Non-multicast Tomcat Session Clustering with RabbitMQ
Session replication and clustering is one of those annoyingly persistent problems when hosting web applications within a platform-agnostic, horizontally-scalable, enterprise cloud environment. Sticky sessions are a valid option to preserve a user’s login information. But that’s far from being the dynamicaly-load-balanced Cloud Nirvana I’m aiming for.
I don’t want to have to use sticky sessions. I tried the built-in multicast-based clustering and found it would break randomly in my virtual machine environment, causing a loss of user sessions. Maybe I wasn’t configuring it right (though I tried going strictly by the documentation, such as there is) or maybe our network isn’t suited to doing that kind of session replication. I finally had to ditch it and go back to regular sticky sessions.

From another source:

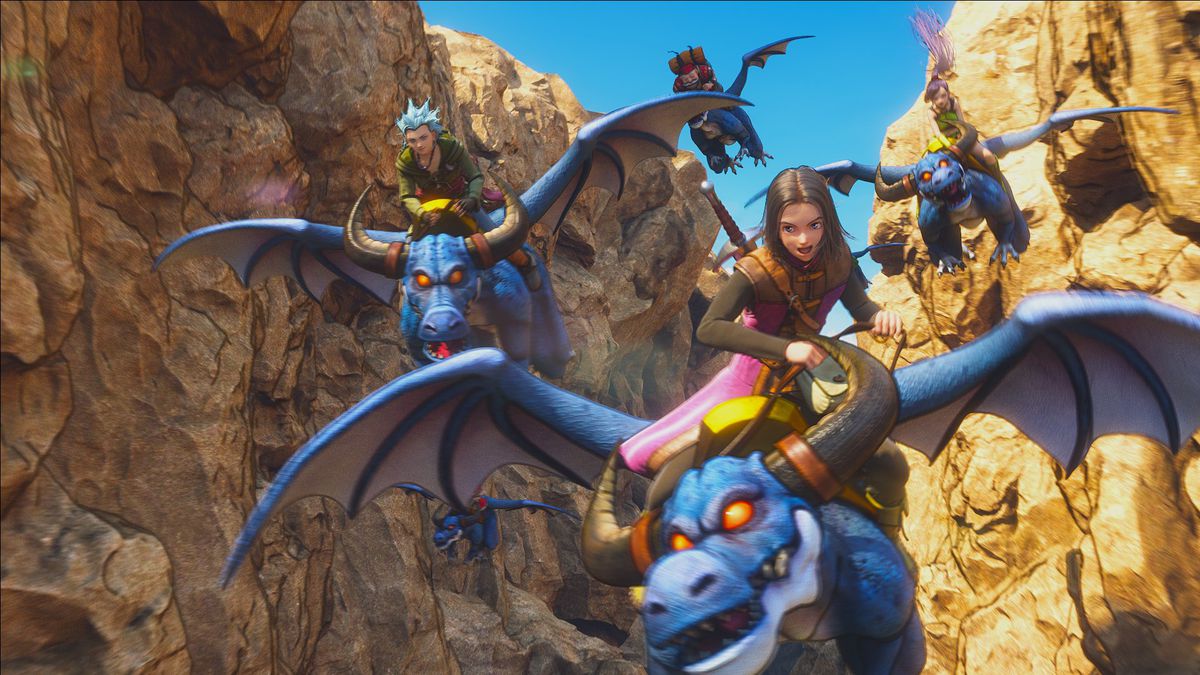 Dragon Quest XI S Definitive Edition – Provato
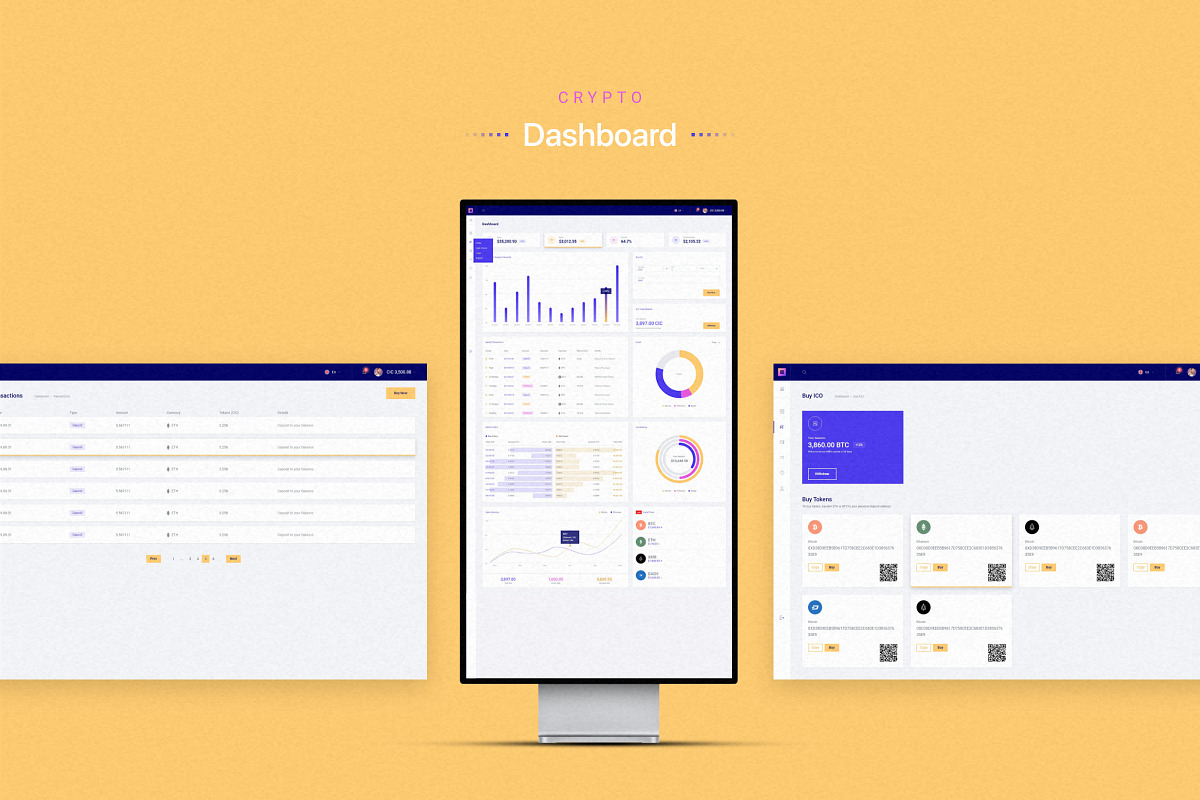 Crypto HTML Web Template, a HTML Template by TemplateZuu (Photo 9 of 11)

But even that wasn’t enough for moving forward. I also want to have a load-balanced pool of Apache proxy servers on the front end. My goal is a completely dynamic environment where a user can come to any front-end Apache server and have their application service requests forwarded to any active backend server (we use SpringSource’s tcServer 6.0) whether that user has ever hit that server before or not. I also don’t want a full copy of every session in the cloud on every tcServer node. That’s asking a lot, I know. I found out that there isn’t any software out there to do this. Maybe it’s because it’s not a good idea and shouldn’t be done! I hope that’s not the case. But whether it’s a good idea or not, I plunged ahead and created a replacement Manager and Store that manages Tomcat Session objects in a dynamic cloud environment using RabbitMQ as the asynchronous message broker.
Each node in the cloud listens to three different kinds of events:
- A fanout exchange that blasts tiny event messages to every active node. Consumers of this exchange are considered part of a “cluster” or “group”.
- A direct exchange which is for messages intended for specific nodes (i.e. to get a user session). These are considered “source” events (it’s not the most intuitive name, unfortunately…I’m open to suggestions .
- A topic exchange which is used to keep copies of user sessions somewhere other than in the internal Map of one of the nodes.
When a new session is created and saved to the Store, that session object is added to an internal Map. A “touch” message is sent to the fanout exchange letting everyone in the cloud know that, for session ID “X”, I (the “source”) have the actual session object. Each node that receives this message updates an internal Map with this reference so it knows where to go get the actual session object when it needs it.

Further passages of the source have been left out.